Provided data Block Start
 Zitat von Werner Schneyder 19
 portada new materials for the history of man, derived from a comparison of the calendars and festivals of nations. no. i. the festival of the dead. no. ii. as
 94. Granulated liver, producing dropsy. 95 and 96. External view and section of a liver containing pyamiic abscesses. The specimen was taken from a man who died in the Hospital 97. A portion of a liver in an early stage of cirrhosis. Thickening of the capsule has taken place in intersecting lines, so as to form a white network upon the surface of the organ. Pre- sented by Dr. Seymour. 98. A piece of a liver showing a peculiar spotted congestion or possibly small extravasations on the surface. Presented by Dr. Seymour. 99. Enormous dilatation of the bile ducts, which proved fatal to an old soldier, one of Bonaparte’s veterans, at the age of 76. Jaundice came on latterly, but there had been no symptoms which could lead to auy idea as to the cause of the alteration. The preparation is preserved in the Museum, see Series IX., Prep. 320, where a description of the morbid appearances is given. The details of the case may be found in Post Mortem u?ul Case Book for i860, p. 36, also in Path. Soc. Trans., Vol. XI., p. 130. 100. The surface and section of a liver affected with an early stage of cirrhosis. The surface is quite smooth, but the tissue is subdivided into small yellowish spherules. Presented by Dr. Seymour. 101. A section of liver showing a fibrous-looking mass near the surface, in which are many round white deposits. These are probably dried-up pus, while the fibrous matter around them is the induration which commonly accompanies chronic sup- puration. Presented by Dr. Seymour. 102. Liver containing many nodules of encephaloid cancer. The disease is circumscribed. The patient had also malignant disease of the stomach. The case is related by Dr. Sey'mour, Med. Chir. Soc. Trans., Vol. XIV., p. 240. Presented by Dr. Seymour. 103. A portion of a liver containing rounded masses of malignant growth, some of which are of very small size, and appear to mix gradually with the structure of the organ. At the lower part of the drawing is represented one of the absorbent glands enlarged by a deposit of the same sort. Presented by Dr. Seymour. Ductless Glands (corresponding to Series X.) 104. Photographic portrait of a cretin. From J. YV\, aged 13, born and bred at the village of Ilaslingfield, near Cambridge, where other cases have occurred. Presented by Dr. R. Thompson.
Provided data Block End
• _Work to complete_
Repeat the data word for word, starting at its first line and stopping after the line that contains "portada new materials".

• _Completed task_
 Zitat von Werner Schneyder 19
 portada new materials for the history of man, derived from a comparison of the calendars and festivals of nations. no. i. the festival of the dead. no. ii. as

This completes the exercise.